Added by Acts 1993, 73rd Leg., ch. 934, Sec. 16, eff. Sept. 1, 1993.

Amended by:

Acts 2019, 86th Leg., R.S., Ch. 1359 (H.B. 1545), Sec. 21, eff. September 1, 2021.

Sec. 6.04. GRACE PERIOD ON RENEWAL OF LICENSES AND PERMITS. (a) Notwithstanding any other provision of this code, the holder of a license or permit issued under this code may renew the license or permit rather than reapply for an original license or permit if, not later than the 30th day after the date of the expiration of the license or permit, the holder files a renewal application and the required license or permit fee with the commission and pays a late fee as provided by rules of the commission.

(b) If an application is filed under Subsection (a), a violation of the law that occurs before the filing of a renewal application may be the basis for an administrative action against the holder of the license or permit.

(c) The holder of a license or permit who does not renew the license or permit before its expiration date may not operate until the holder files an application under Subsection (a).

(d) The commission shall adopt rules necessary to implement this section.

Added by Acts 1993, 73rd Leg., ch. 934, Sec. 16, eff.

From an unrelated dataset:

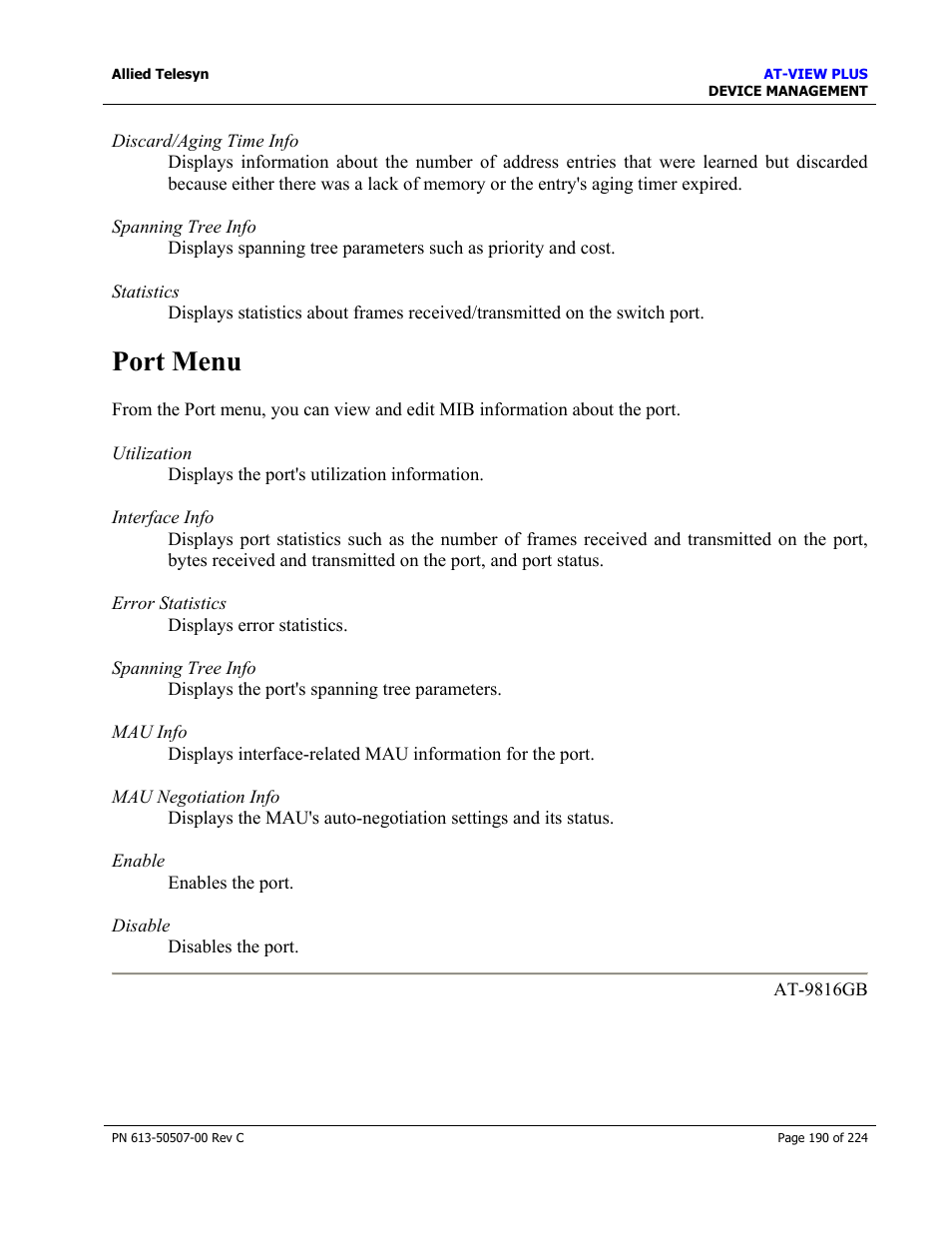 Port menu | Allied Telesis AT-VIEW PLUS 2.3 DEVICE MANAGEMENT User Manual | Page 190 / 224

Sept. 1, 1993. Amended by Acts 2001, 77th Leg., ch. 364, Sec. 1, eff. Sept. 1, 2001.

Sec. 6.05. CORPORATE LIABILITY. A corporation with an ownership interest in a corporation holding a permit under Section 6.03(k) of this code and which shares space, employees, business facilities, or services is subject to liability under Chapter 2 of this code.

Added by Acts 1993, 73rd Leg., ch. 934, Sec. 17, eff. Sept. 1, 1993.